> **Exercise input**:
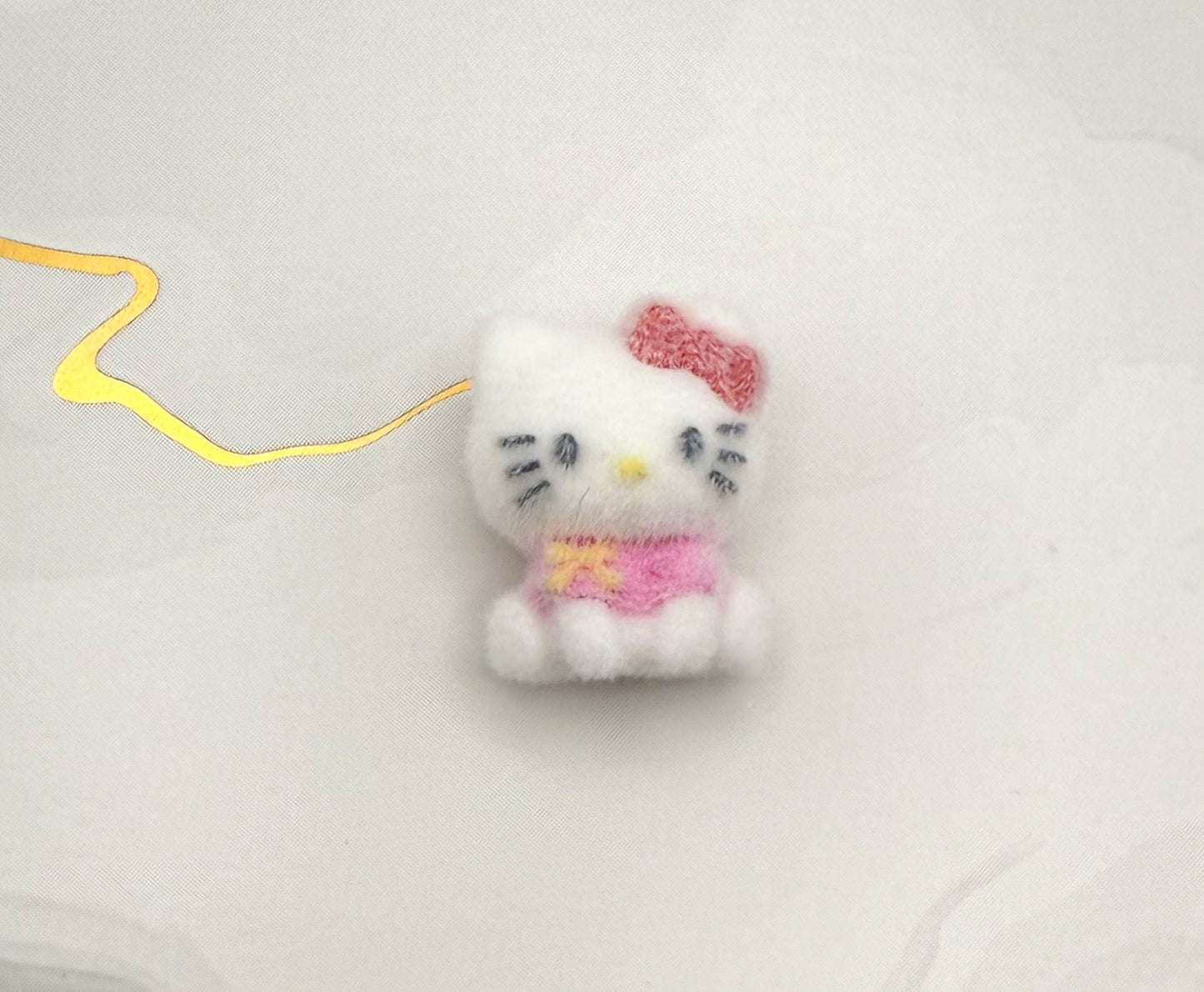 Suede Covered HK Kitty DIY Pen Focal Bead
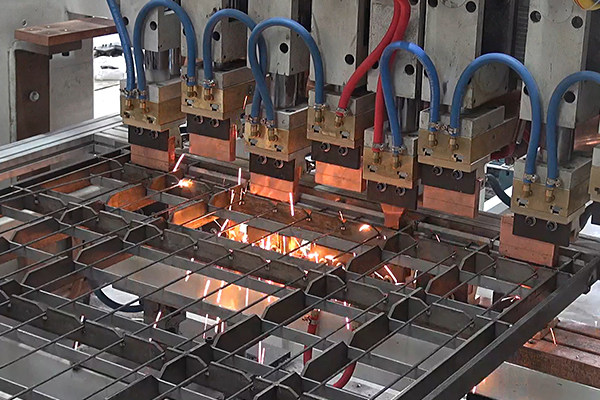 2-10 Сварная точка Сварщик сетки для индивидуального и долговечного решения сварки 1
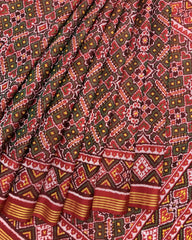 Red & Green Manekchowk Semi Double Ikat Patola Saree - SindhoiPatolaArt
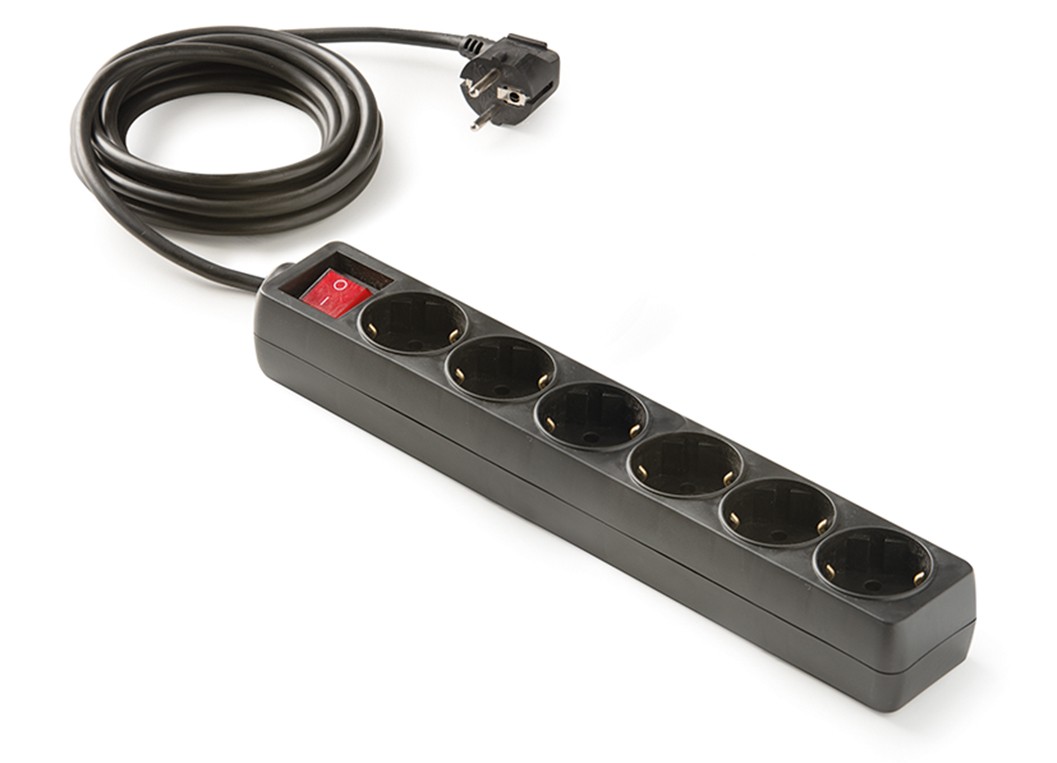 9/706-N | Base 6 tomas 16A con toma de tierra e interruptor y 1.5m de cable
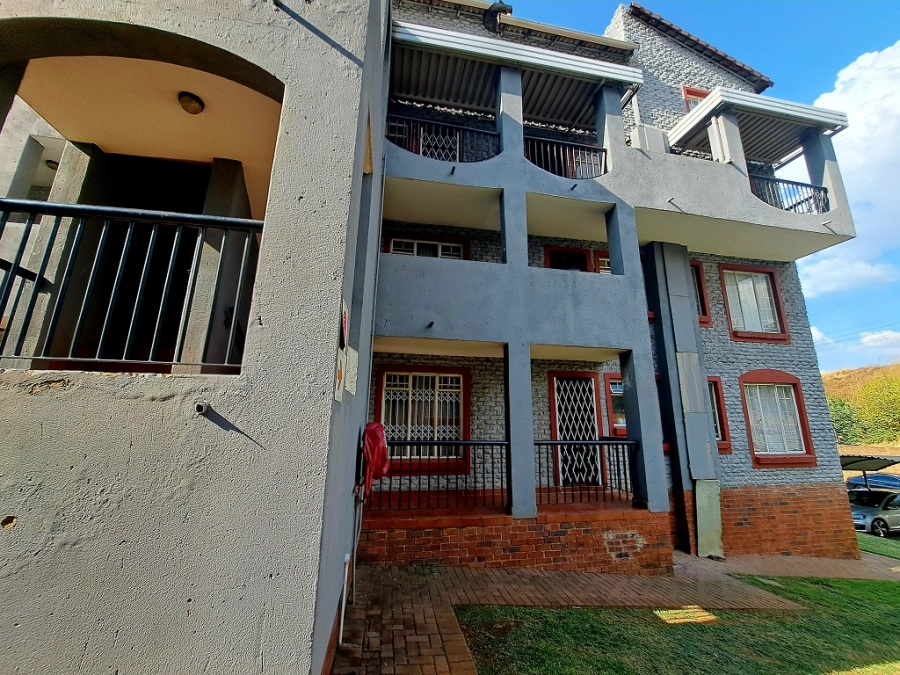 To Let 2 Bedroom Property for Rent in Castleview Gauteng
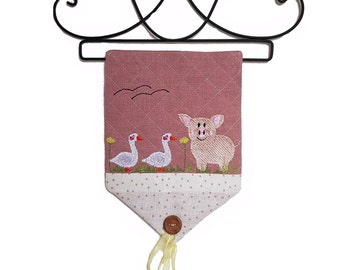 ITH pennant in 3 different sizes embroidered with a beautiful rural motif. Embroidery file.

> **Activity**:
What you return should match the records line for line, minus the pictures.

> **Solution to the exercise**:
 Suede Covered HK Kitty DIY Pen Focal Bead
 2-10 Сварная точка Сварщик сетки для индивидуального и долговечного решения сварки 1
 Red & Green Manekchowk Semi Double Ikat Patola Saree - SindhoiPatolaArt
 9/706-N | Base 6 tomas 16A con toma de tierra e interruptor y 1.5m de cable
 To Let 2 Bedroom Property for Rent in Castleview Gauteng
 ITH pennant in 3 different sizes embroidered with a beautiful rural motif. Embroidery file.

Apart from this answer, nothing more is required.